В плохую погоду Генри сидел в квартире-студии Осборна и из окна, выходившего на кавалерийскую казарму, наблюдал разворачивавшийся внизу “сумасшедший спектакль”: “Горн ревел, лошади рвались вперед и начинали топтаться в грязи. Это было похоже на сумасшедший дом. Полоумными выглядели даже лошади”.

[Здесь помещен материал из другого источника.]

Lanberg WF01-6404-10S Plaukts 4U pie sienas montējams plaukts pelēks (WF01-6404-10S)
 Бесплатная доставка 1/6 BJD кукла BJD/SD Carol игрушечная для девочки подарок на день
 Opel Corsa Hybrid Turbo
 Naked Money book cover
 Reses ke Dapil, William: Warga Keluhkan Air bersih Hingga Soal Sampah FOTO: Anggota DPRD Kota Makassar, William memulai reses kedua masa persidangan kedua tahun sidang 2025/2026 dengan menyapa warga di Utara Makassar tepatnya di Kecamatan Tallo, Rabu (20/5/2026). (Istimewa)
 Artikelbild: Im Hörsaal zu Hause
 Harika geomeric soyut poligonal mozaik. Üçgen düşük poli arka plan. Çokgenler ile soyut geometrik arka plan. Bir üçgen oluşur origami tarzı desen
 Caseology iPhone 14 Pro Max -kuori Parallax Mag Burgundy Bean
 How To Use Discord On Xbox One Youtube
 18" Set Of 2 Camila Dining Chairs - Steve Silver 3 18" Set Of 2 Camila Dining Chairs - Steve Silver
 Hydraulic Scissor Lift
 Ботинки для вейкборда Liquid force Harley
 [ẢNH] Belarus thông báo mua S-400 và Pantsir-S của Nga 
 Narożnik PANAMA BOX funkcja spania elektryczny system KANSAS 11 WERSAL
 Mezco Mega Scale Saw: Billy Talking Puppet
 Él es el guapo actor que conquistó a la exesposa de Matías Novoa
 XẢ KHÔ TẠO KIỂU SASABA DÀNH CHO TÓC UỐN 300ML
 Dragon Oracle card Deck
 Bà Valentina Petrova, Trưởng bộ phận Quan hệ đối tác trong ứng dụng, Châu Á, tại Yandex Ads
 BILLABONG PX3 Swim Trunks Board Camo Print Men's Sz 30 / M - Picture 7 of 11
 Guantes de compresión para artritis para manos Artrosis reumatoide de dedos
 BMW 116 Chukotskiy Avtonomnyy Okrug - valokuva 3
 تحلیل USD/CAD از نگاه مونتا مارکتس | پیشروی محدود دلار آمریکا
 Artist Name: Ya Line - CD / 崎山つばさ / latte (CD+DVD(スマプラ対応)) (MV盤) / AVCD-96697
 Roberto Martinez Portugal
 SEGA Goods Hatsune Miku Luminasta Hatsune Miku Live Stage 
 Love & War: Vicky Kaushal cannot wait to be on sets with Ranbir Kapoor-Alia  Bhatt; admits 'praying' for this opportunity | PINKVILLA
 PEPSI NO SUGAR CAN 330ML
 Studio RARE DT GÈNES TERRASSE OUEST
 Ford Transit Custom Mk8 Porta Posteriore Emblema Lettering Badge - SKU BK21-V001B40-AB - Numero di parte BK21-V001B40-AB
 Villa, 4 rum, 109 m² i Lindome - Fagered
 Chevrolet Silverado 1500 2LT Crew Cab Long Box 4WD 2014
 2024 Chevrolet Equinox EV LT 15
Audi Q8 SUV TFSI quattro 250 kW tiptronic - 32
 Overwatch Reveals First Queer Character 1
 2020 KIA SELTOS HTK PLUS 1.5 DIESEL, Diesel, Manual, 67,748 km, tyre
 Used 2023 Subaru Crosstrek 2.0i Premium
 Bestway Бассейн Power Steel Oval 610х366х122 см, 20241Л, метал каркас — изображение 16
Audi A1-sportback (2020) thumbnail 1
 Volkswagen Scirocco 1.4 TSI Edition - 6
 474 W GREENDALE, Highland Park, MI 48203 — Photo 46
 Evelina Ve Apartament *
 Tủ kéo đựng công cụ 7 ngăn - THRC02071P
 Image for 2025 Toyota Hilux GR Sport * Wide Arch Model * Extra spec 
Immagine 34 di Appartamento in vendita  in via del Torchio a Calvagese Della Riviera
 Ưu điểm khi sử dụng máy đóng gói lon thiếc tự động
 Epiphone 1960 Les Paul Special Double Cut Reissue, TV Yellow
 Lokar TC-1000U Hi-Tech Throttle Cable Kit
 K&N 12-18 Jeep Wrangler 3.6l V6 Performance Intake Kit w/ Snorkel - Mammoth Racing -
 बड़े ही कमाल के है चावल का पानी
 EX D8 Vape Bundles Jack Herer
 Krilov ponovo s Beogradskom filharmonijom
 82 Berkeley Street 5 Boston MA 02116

В качестве адвоката Осборн занимался делами одной молодой дамы, миссис Иэн Хьюго из парижского пригорода Лувесьенна, которая, сторонясь своего окружения, проводила все время за письменным столом. Она только что закончила эссе о Д. Г. Лоуренсе и собиралась опубликовать его за собственный счет. При каждой встрече Осборн рассказывал ей о гениальном безумце, которого он приютил у себя и который пишет роман в тысячу страниц, посвященный преимущественно “запретным”, обычно изгоняемым из литературы темам. Когда он назвал фамилию писателя, миссис Хьюго воскликнула: “Генри Миллер? Это имя мне откуда-то знакомо!” Она вспомнила, что читала подписанную им статью о “Золотом веке” Луиса Бунюэля и поразилась дикой, первобытной энергии этого текста. Миллеру Осборн также расхвалил свою клиентку, а однажды принес прочесть рукопись о Лоуренсе, и Генри проглотил ее с жадным интересом поклонника “Леди Чаттерлей”. Сколько оригинальных наблюдений, тонко подмеченных и верно выраженных истин! Они с нетерпением ожидали встречи, и наконец в октябре 1931 года Осборн их познакомил. Через два года в Клиши Миллер сам напишет очерк о Лоуренсе и, публикуя его под названием “Мудрость сердца”, посвятит своему другу Осборну в благодарность за двойную услугу: “Тому, кто спас меня от голода в Париже и направил в правильную сторону. Да защитит его небо и приведет в добрую гавань целым и невредимым!” (К несчастью, небо плохо защитило Осборна и привело в больницу для душевнобольных.)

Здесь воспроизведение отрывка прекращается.